Mahremiyet yok edildi, aşk meşkle yer değiştirdi, kapitalizmin ahlakı tüketim rezaleti ile olmaması gereken şeyleri ihtiyaç diye yutturdu, Sağlam aile yuvaları dijital oyuncaklarla çürütüldü, Nedamet ve rezalet müstear(Gerçek olmayan) isim ve bol yalanlarla tavan yaptı.

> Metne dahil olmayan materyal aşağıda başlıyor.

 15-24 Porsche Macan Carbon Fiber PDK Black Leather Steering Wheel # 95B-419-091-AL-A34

Mutsuz ve birbirini anlamayan veya anlamak istemeyen eşler bu oyuncaklar üzerinden mutluluğun kodlarını ararken yıktıkları yuvaları umursamıyor,
Çocuğumuzun yaşına dikkat etmeden eline tutuşturduğumuz bu oyuncakların çocuklardan nelerin alıp götürdüğünü hesaplamadık, Anne babanın ilgisizliği ve bilgisizliği gece geç saatlere kadar sosyal medyada çocuk kurban arayan psikopatlara hiç aldırmadık.
Sosyal medya, Sosyal hayatın içine etti, evliyi bekar bekarı da evli, mutluyu mutsuz mutsuzu da mutlu yapacak bol yalanlarla suni ve yapay mutluluk üretme gayretinde üst perdeden rezil gayretler üzerinden embesil hayretler üretiyor.

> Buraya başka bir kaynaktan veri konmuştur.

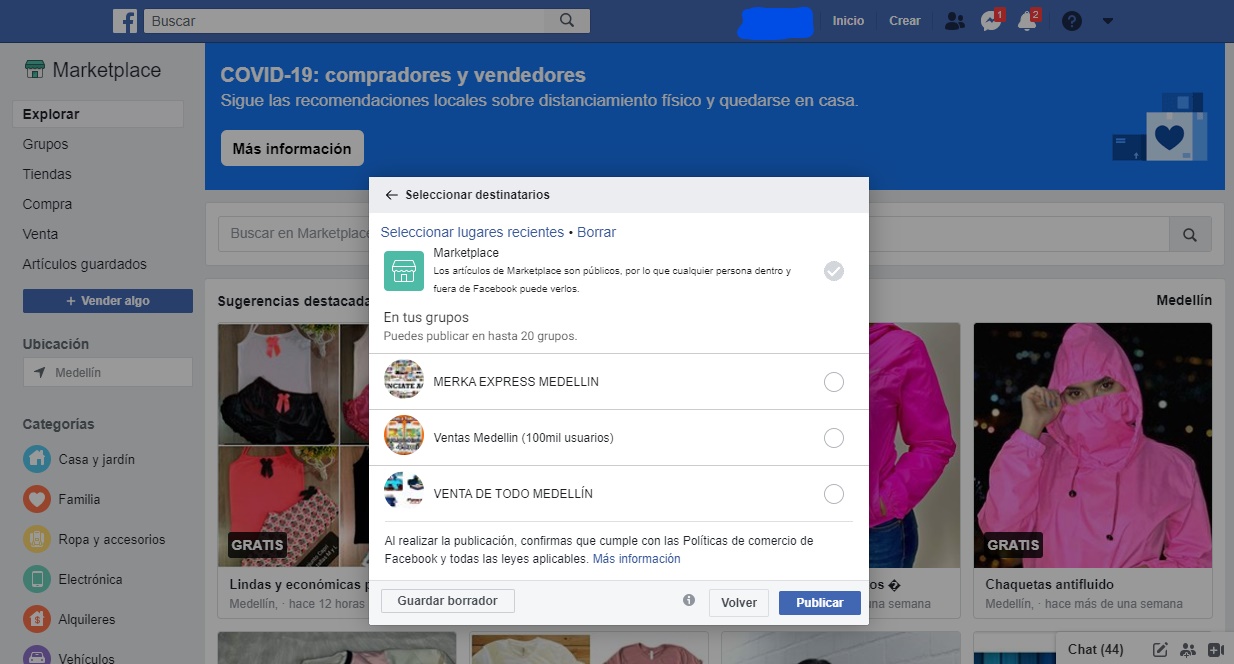 Cómo vender en Facebook marketplace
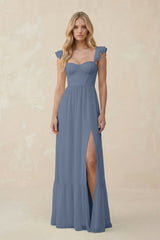 Sweetheart Ruffled Sleeve A - Line Chiffon Bridesmaid Dress in Neptune - KISS BRIDAL Bridesmaid Dresses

Elimizdeki oyuncaklara hakim değiliz ama kesin olan onların Ruhumuza ve ahlakımıza müdahalesi, hakimiyeti ve galibiyeti ilan edilmiş durumda, Bu oyuncaklarla her gün ailesini arkadaşını çevresini istismar ederek çarparak çırparak enternasyonal konsollarda sanal kumar oynayıp sosyalpati olan kaç çocuğumuzun olduğunu bilen var mı.?
Kimileri de fikir farklılıklarını sonu cinayetlerle biten düellolarla çözerken, kimileri de hakaretlerle gönlüne su serpiyor.

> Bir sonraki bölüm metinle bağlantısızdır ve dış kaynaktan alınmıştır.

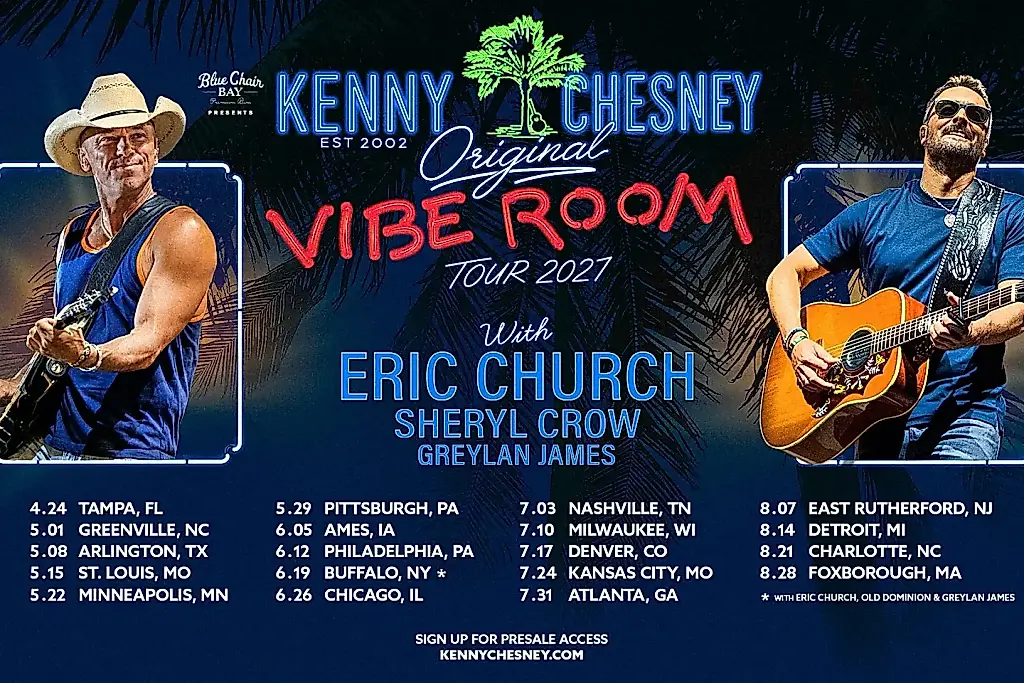 Kenny Chesney возвращает стадионы: тур 2027 соберёт Eric Church и Sheryl Crow
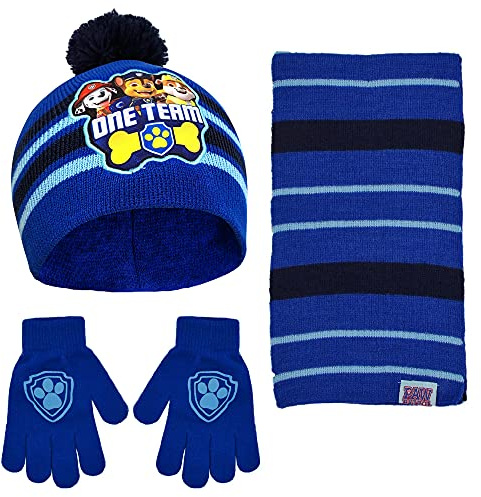 Nickelodeon boysPaw Patrol Scarf, Hat and Gloves Or Mitten Set for Toddler and Little Boys Cold Weather Hat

Sosyal medyada kullanılan emolojileri kullanmak yaygınlaştı, Ancak kullanılacak emoloji hiçbir yanlış anlamaya sebep olmayacak olması gerekir, yani ucu açık olmamalıdır, bir işaret veya simge yanlış anlaşılma ihtimali varsa kesinlikle kullanılmamalıdır, evli veya bekar olsun fark etmez.
Çünkü sizin paylaştığınız simge paylaşma niyetiniz masum da olsa karşı taraf bunu aynı niyet ve algılarla idrak etmeyebilir, günümüzde en yaygın hastalık niyet okuma saplantısıdır, bunun sebebi ifade edilen söz ve hareketin ucunun açık olmasındandır.
Yaşadığımız toplumda ilim güzel ahlakın kodları olan irfan ve erdemlerden yoksun olan sağlıklı bir psikolojiden ziyade kemiyet ve ekseriyeti hastalıklı ruh hali baskın durumdadır,
İşlenen namus cinayetlerinin çoğu sosyal medyada yapılan görüşme ve kısa tanışmalar sonucu işlenmektedir,
Prof Allex Carrel’in dediği gibi, “Psikopatların çok az bir kısmı cezaevlerindedir, ekseriyeti serseri bombalar gibi aramızda dolaşmaktadır.” ifadesi bihakkın doğrudur. Kısaca üslup söz ve hareketlerimizi çok çok dikkatli icra etmeliyiz.
” Kendileri bir hiç olanlar başkalarının arasına, kalabalığa karışmak için çabalar, Çünkü orda kendi bomboşluğunu hissetmez.”(Dr.Ali Şeriati ra)
Gelinen noktada fiili kalabalıklardan ziyade dıjıtal kalabalıklara karışarak kendini bu oyuncaklar üzerinden daha pahalıya pazarlayan insan sayısı korkunç boyutlara ulaştı.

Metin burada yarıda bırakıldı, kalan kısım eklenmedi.